Working at home has a rosy image of lounging on the sofa all day with your feet up, and working in your pyjamas, and we’re not telling you that doesn’t happen, but you do need to put in the work and take it seriously.
Get your setup ducks in a row
However tempting it may be to just get started, don’t skip this bit. It’s not glamorous, it’s not exciting, but it is necessary.
Your freelance writer website
Next, you need to consider your writer website. Here’s an excellent step by step guide from Jorden Roper on how to set your site up.
Bear in mind that if you use something like Wix or WordPress.com, rather than buying a domain name, using self-hosted WordPress and hosting your own site, you are giving away your real estate on the web. If Wix suddenly decides to change the rules tomorrow and remove your site, it’s gone and there’ll be nothing you can do about it, but if you host your own site, you’ll always own it, and no one can take it from you.
What to charge
Now we’re getting to the good bit! Presumably, you’re not running a charity and you’d really like to make the big bucks with your freelance writing.

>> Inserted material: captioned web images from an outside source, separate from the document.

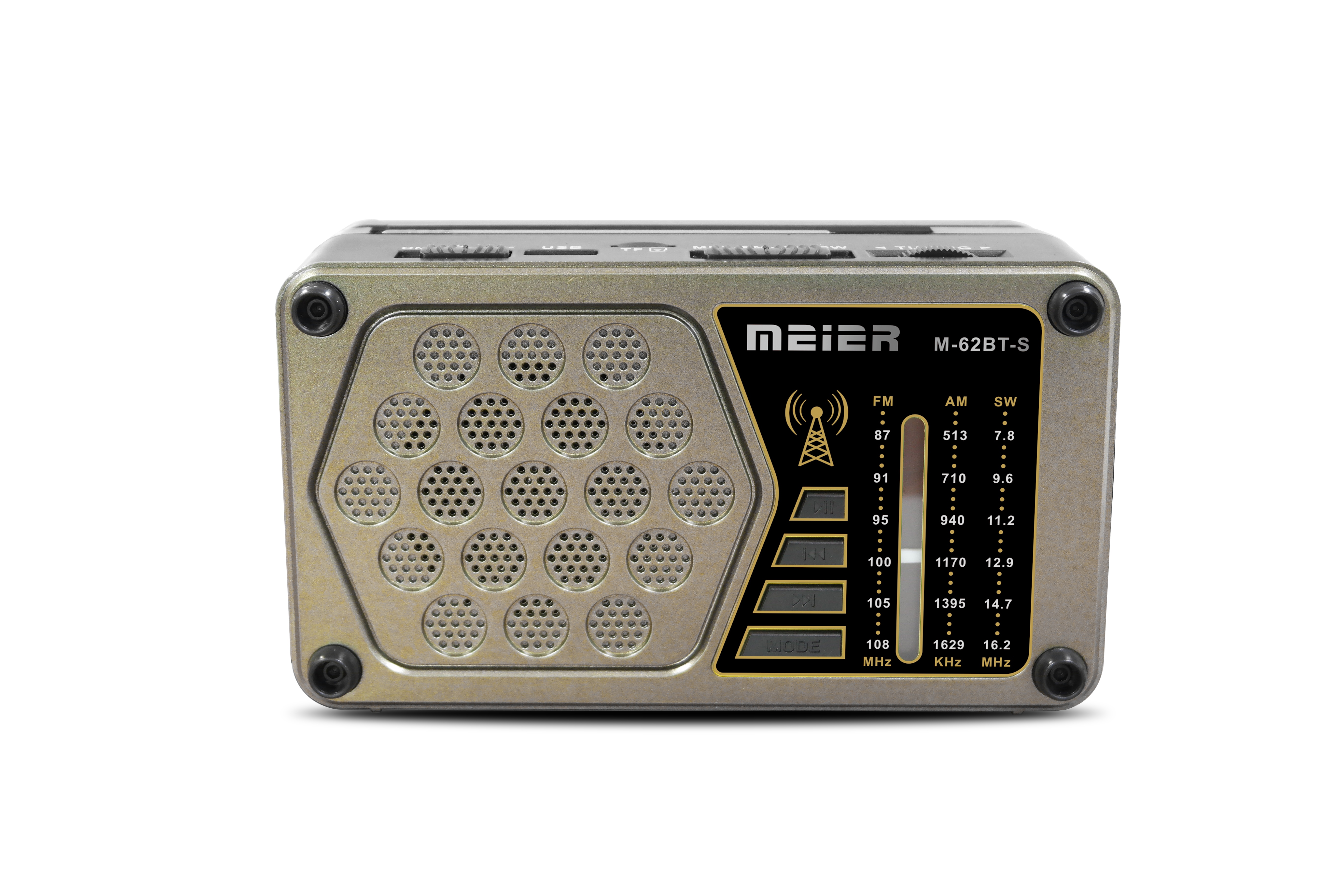 Multi-Function Charging Retro Usb Cable Charging Radio, Beautiful Shape, Exported To Overseas,2026Bt Application Scenario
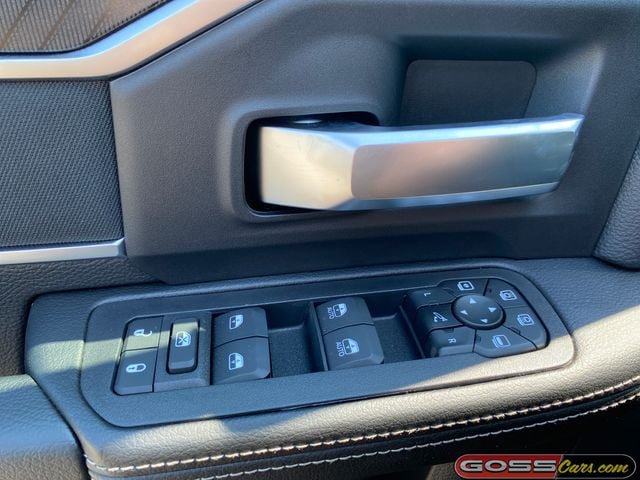 New 2026 RAM 2500 Big Horn AWD/4WD image 23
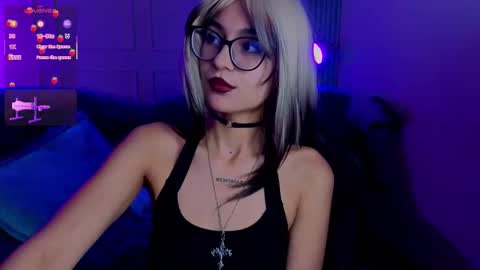 Abby online show from February 1, 8:18 pm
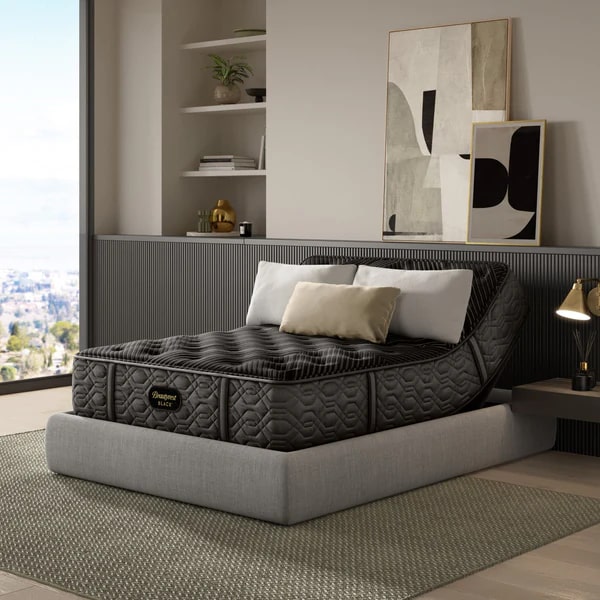 Beautyrest Black Mattress Review: What You Really Get for the Price 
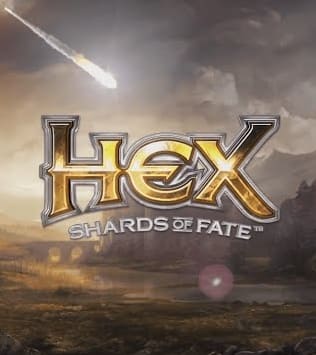 Обзор игры Hex: Shards of Fate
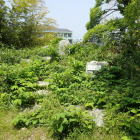 ⑦天守台2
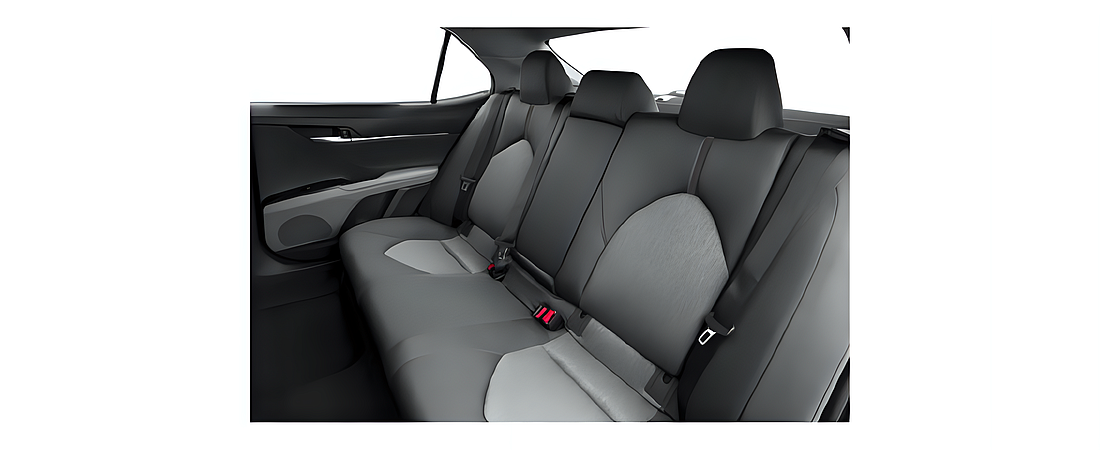 Toyota Camry 2020 40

Unfortunately, there’s no such thing as a list of rates for each type of freelance writing, but here’s where you start:
Take a look at Brennan Dunn’s Freelance Rate Calculator and work through how he suggests you calculate your rate. It’s in dollars, but ignore that and use it as if it was in Pounds Sterling and it will still work for you. You’ll also get a free nine-lesson email course from Brennan that can help you increase your rate, which is well worth signing up for.

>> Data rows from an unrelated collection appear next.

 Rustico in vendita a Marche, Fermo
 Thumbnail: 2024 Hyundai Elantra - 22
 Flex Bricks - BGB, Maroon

You’ll note that he doesn’t suggest you just double what you were paid per hour at your old job or have a guess at
what to charge. The whole idea is to work out how much you need to earn to live, and then look at how much you *want* to earn. That way you’ve got a far better starting point than picking a figure out of the air.

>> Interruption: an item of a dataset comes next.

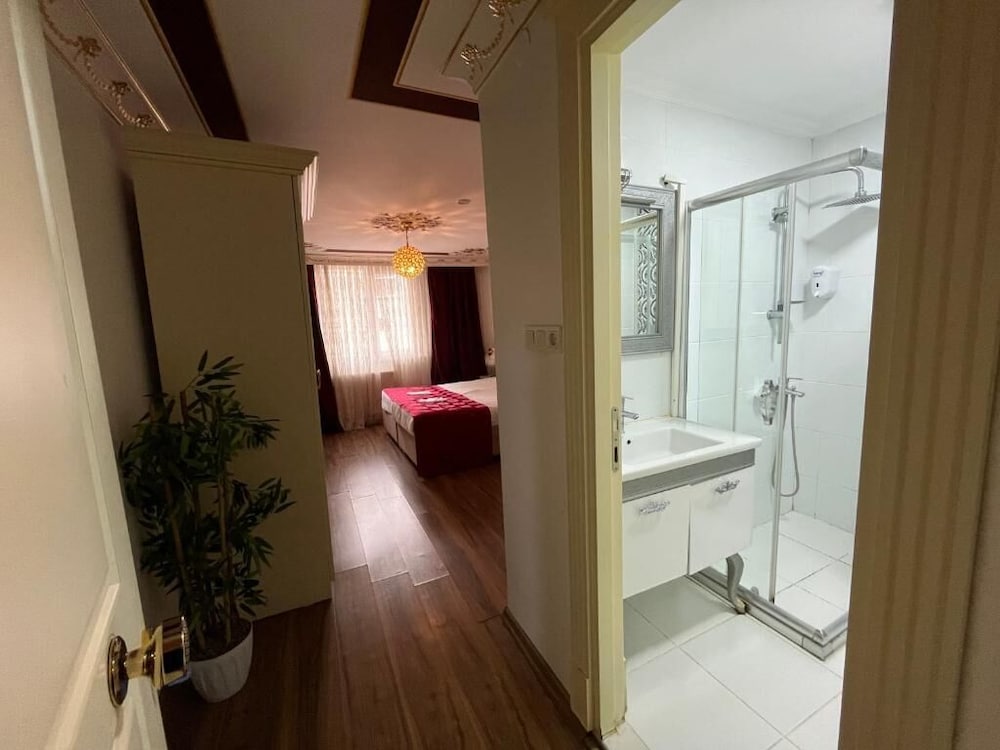 Exclusive Double Room photo 3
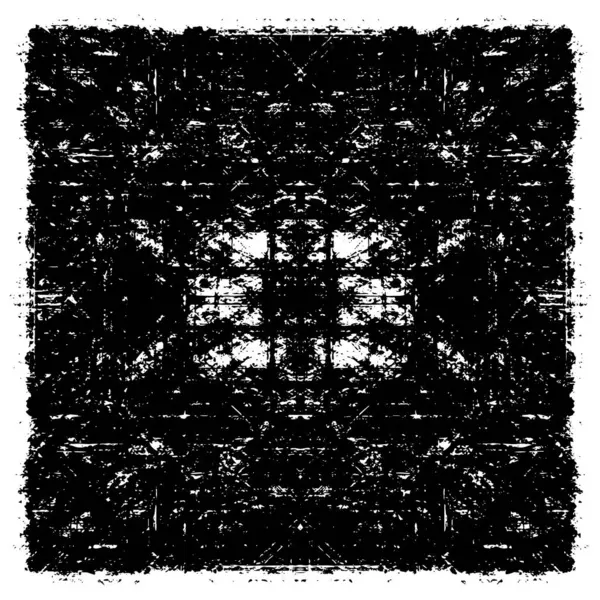 siyah-beyaz grunge dokulu arka plan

When you freelance, you have to pay your own taxes and National Insurance, and you don’t get sick pay, holiday pay and a bunch of other benefits either, so your rate needs to be enough to cover those too.
After that, do some research and look at what other freelancers are charging. It will also help to join a writing community like Carol Tice’s Freelance Writer’s Den so you can chat with other freelancers and get advice on pricing.
Marketing and finding jobs
Again, the Freelance Writer’s Den is a brilliant place to get advice about finding work. There’s a very active forum, and you can build relationships with other freelancers, which is an excellent thing to do. You may find you’ll be able to refer jobs to each other or even work together on bigger projects.
Not only that but the Den also has a huge list of courses included, where you can learn everything from how to get started to the more advanced courses on Content Marketing, writing Letters of Introduction (LOIs).
The Den is a paid membership and costs $25 per month (around £20) but it’s well worth it.
Failing that, if you don’t have the budget for that yet, try Carol Tice’s other site, Make a Living Writing, which is free and utterly brilliant. Try the Start Here page to choose what you want to learn.
Marketing and getting writing jobs is a huge topic that could fill several books, never mind just another article so we can’t cover everything here, but here are some places to start:
• Read our article, 6 freelance writing opportunities for beginners, for other job boards and a section on cold pitching.
• Get your portfolio set up
• Collect testimonials from satisfied clients and put them on your website for social proof.
Nobody knows it all, not even if they’ve been freelancing for decades. The trick is to always keep learning. You can’t rely on what you knew ten years ago to still be entirely relevant now. Ten years ago, for example, video wasn’t as popular as it is now, and nor was writing video scripts as lucrative.